We follow Tess as she grows up on a farm with a stern, grieving father, many siblings and a sort of loneliness which she carries throughout her life. She goes to boarding school but has to drop out due to illness. We begin to think that fate would always look unkindly on young Tess. However, a move to New York sees a different kind of life for the now 18 year old protagonist, and one which brings with it fresh possibilities and also independence. When Tess falls pregnant in a brief romance that results in heartache, a return to Ireland and her family seems desired; yet such a move also represents a backwards step: “…she contemplated an alternative life back in Ireland. A pall grew at the thought of the daily mundane, the restraint, the stasis. She could never have kept Theo. It seemed to her now to be a place without dreams, or where dreaming was prohibited.” The descriptions and contrasts of America and Ireland in the novel are truly captivating, as are its characters. Not just Tess herself but every character in Academy Street seems authentic and intriguing.

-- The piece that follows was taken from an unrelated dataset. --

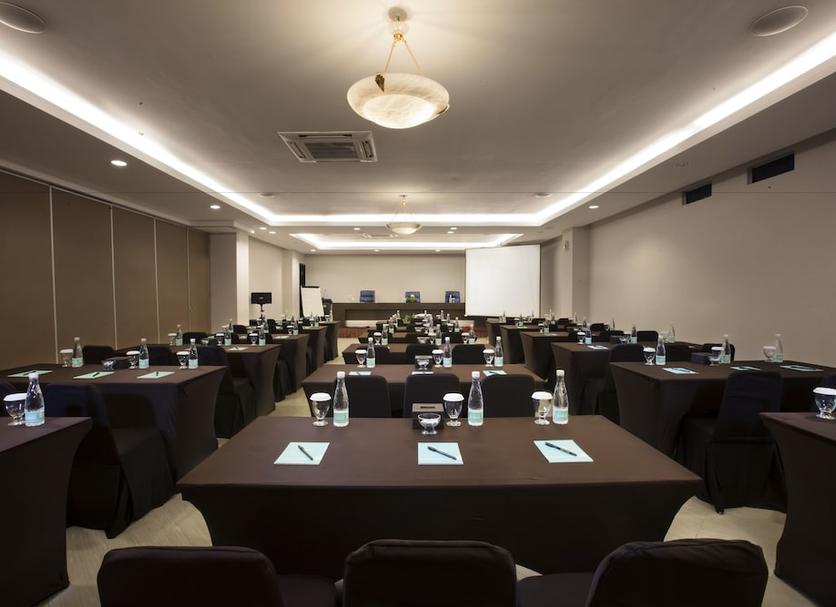 Ruang konferensi Foto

In the whirlwind of New York, Tess brings up her son, works as a nurse and befriends a fellow immigrant mother who, unlike Tess herself, is full of life and laughter. Tess experiences all-consuming love and devastating loss. In comparison to others surrounding her, she struggles to bring meaning and substance to her life. As the years drift by she loses many of her loved ones, including in the heart wrenching experience of 9/11; her isolation grows and her life takes on a sort of peaceful melancholy. Yet this is not to say Academy Street is dull read; there is a beauty about Tess’s story which has haunted me since finishing the novel.
The portrayal of difficult relationships is central to this novel, most notably between Tess and her son Theo. His anger at his mother’s passive nature leads to a distance between them which is truly sad to read. However, as a character, Theo’s feelings could have been fleshed out or elaborated on to create a greater understanding of the hostile feelings that he harbours in the Lohan household, and to explain why he had so little forgiveness or understanding for his mother. This being said, Costello crams a lifetime into less than 200 pages to create a deeply touching narration which is hard to put down. Costello writes with an honesty that I’ve rarely experienced before.